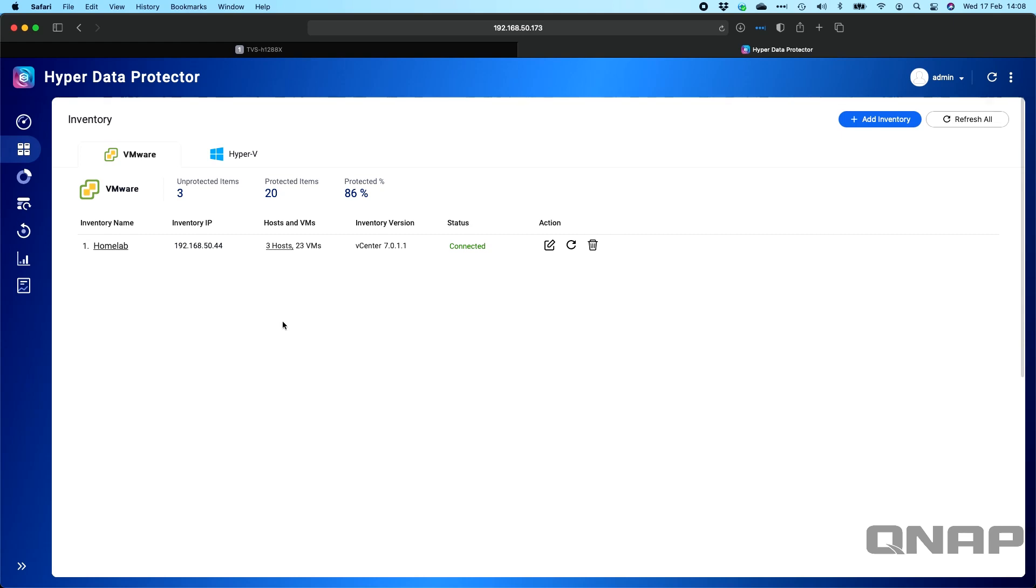Okay, hopefully you found that useful. If anybody does have any questions, please do ask them below. We're pretty fast at responding. Again, this software is Hyper Data Protector. It is completely free of charge if your QNAP supports running it. That's really any of the NAS that have an Intel or an AMD processor. And you do need Container Station installed to be able to run Hyper Data Protector. Thanks a lot for watching. Bye.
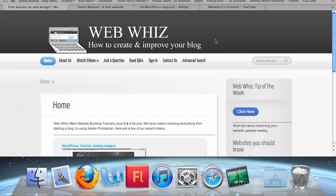Welcome to WebWiz. Being able to add media like pictures and videos to your posts is an important skill to learn if you want to have a successful blogger website. In this tutorial I will show you how to add media to your posts and pages using WordPress.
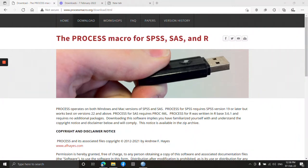Hi, I am Dr. Engineer Priyantha Morapitiya from the Premier Educare Institute. Today I am going to tell you how to download and install the PROCESS macro for SPSS, and also the importance of downloading and installing it.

**TASK DIRECTIONS:**
Omit the pictures, then retype the remaining material without a single change.

**RESPONSE:**
Okay, hopefully you found that useful. If anybody does have any questions, please do ask them below. We're pretty fast at responding. Again, this software is Hyper Data Protector. It is completely free of charge if your QNAP supports running it. That's really any of the NAS that have an Intel or an AMD processor. And you do need Container Station installed to be able to run Hyper Data Protector. Thanks a lot for watching. Bye.
Welcome to WebWiz. Being able to add media like pictures and videos to your posts is an important skill to learn if you want to have a successful blogger website. In this tutorial I will show you how to add media to your posts and pages using WordPress.
Hi, I am Dr. Engineer Priyantha Morapitiya from the Premier Educare Institute. Today I am going to tell you how to download and install the PROCESS macro for SPSS, and also the importance of downloading and installing it.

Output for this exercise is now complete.